» PROMPT: For this exercise, copy all the data exactly and include none of the pictures.

» EXTRACTED DATA:
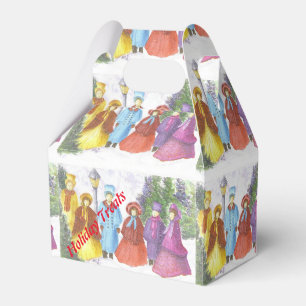 CAJA PARA REGALOS NAVIDADES CAROLERS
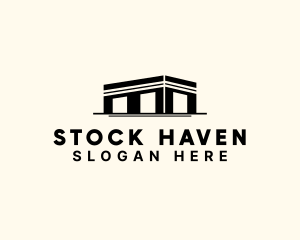 Stockroom - Logistics Warehouse Facility logo design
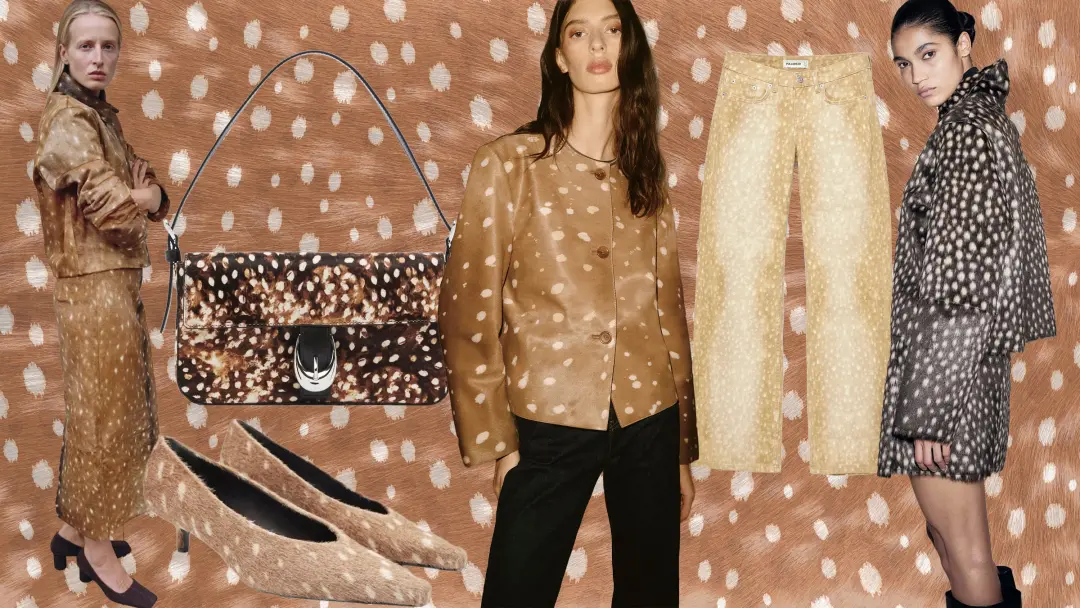 Copenhague Fashion Week trouxe o Bambicore, um estampado suave de cervatillo, em vez do leopardo comum. Acho interessan…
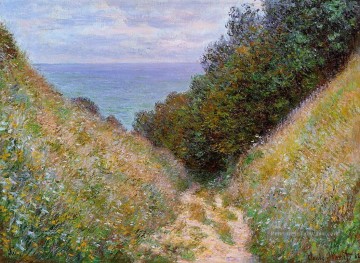 Le Chemin à La Cavee Pourville Claude Monet Peinture à l'huile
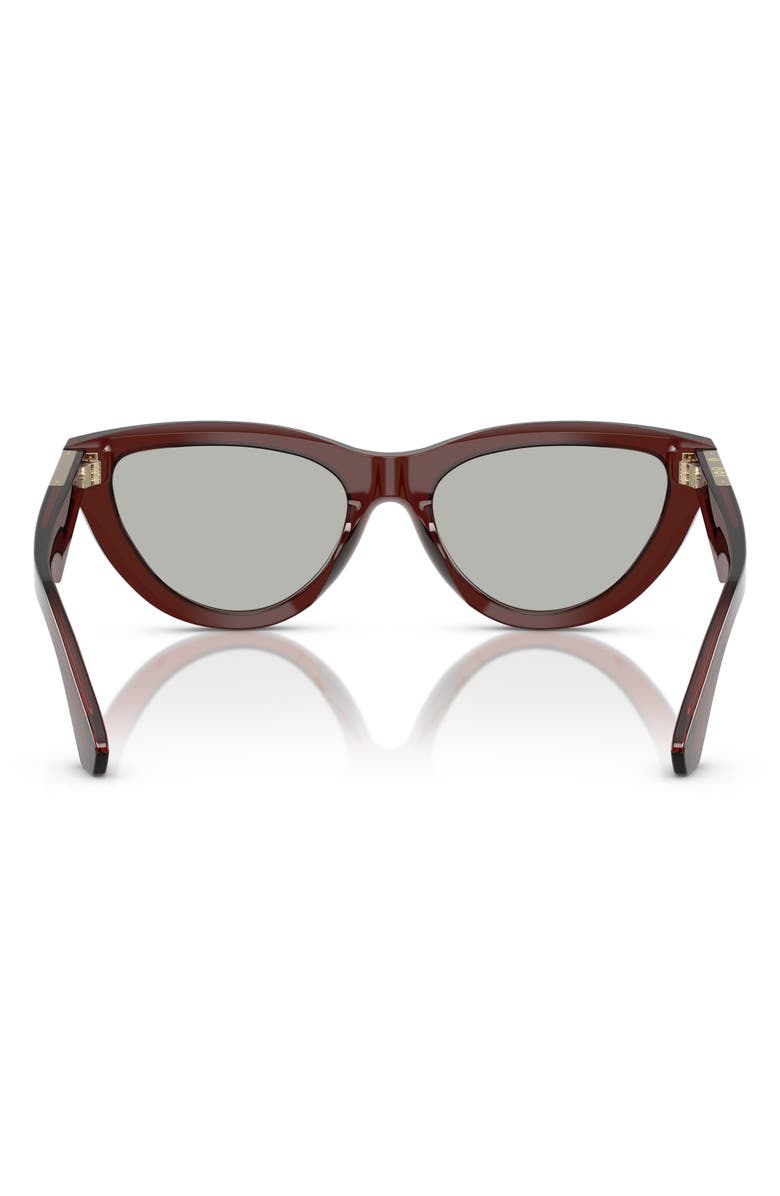 Burberry 55mm Cat Eye Sunglasses, Alternate, color, Brown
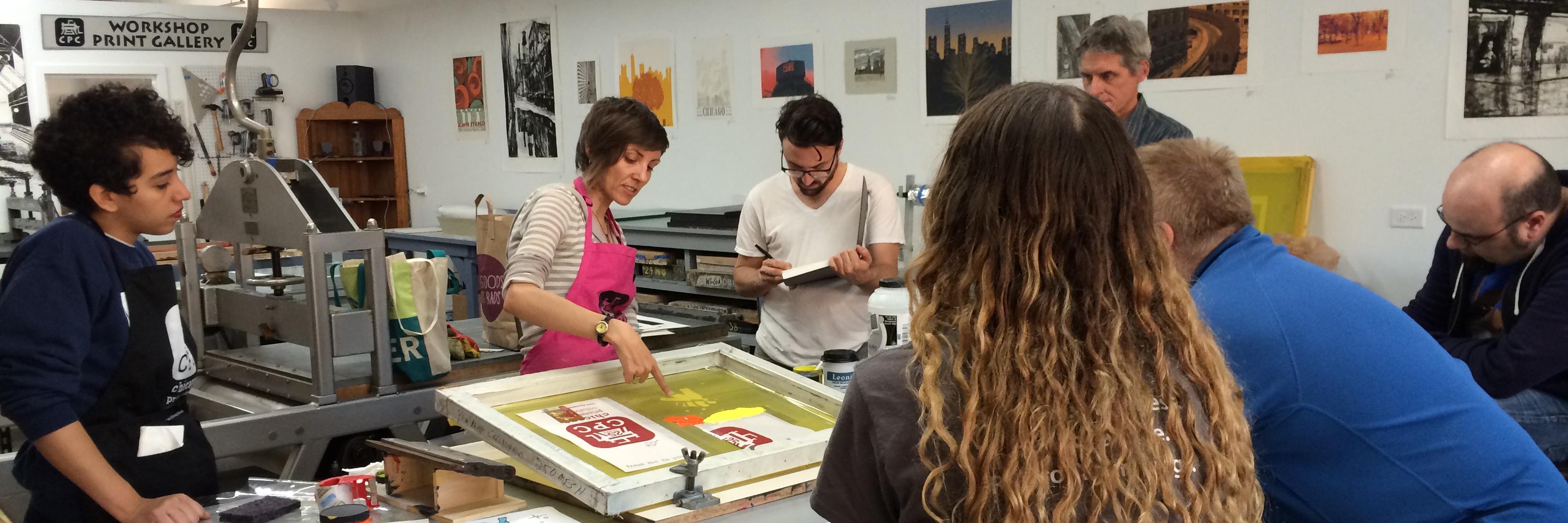 Chicago Printmakers banner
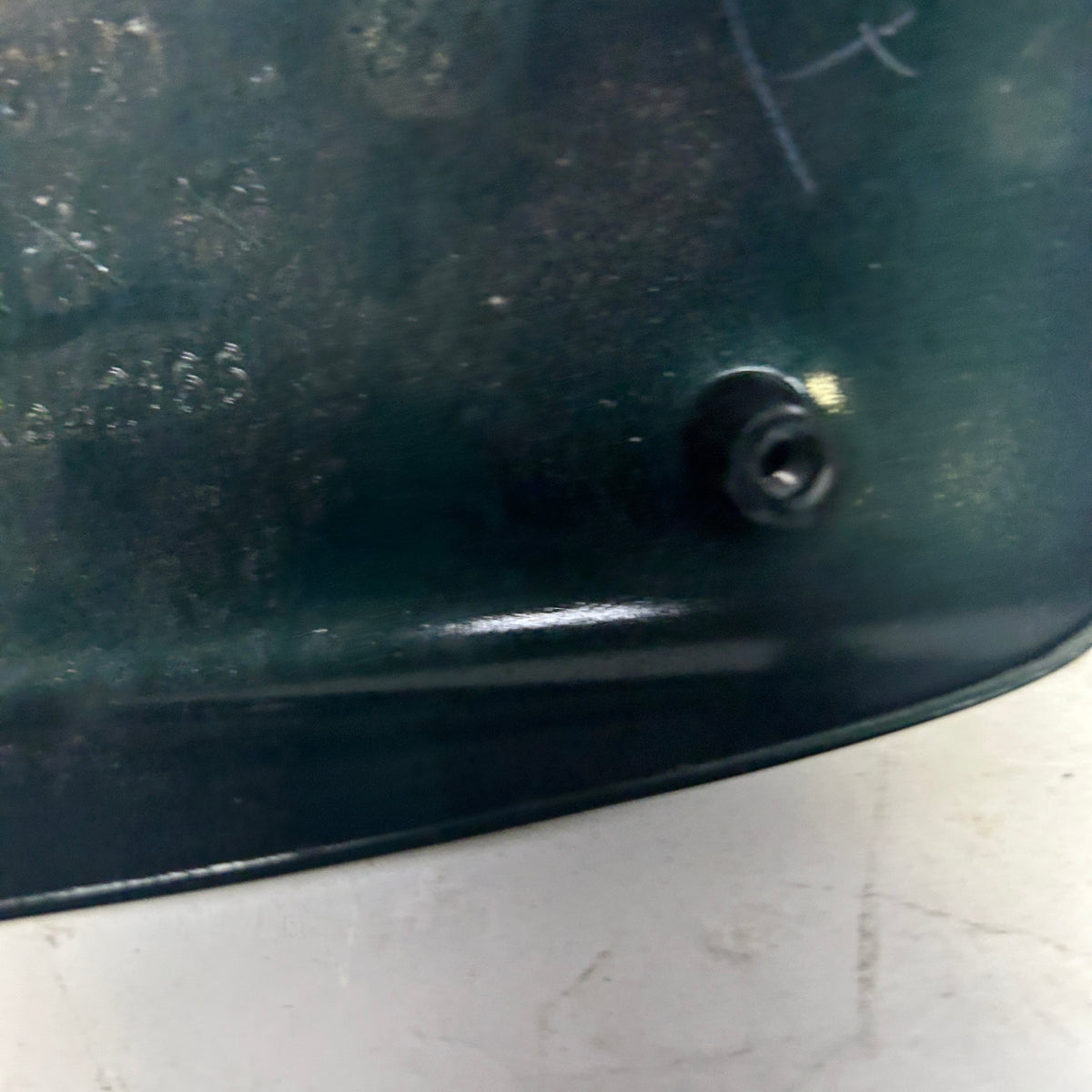 PORSCHE DOOR MIRROR HOUSING LEFT SIDE CONTAINS SOME SLIGHT DAMAGE  91173102603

» RESULT OF THIS TASK:
 CAJA PARA REGALOS NAVIDADES CAROLERS
 Stockroom - Logistics Warehouse Facility logo design
 Copenhague Fashion Week trouxe o Bambicore, um estampado suave de cervatillo, em vez do leopardo comum. Acho interessan…
 Le Chemin à La Cavee Pourville Claude Monet Peinture à l'huile
 Burberry 55mm Cat Eye Sunglasses, Alternate, color, Brown
 Chicago Printmakers banner
 PORSCHE DOOR MIRROR HOUSING LEFT SIDE CONTAINS SOME SLIGHT DAMAGE  91173102603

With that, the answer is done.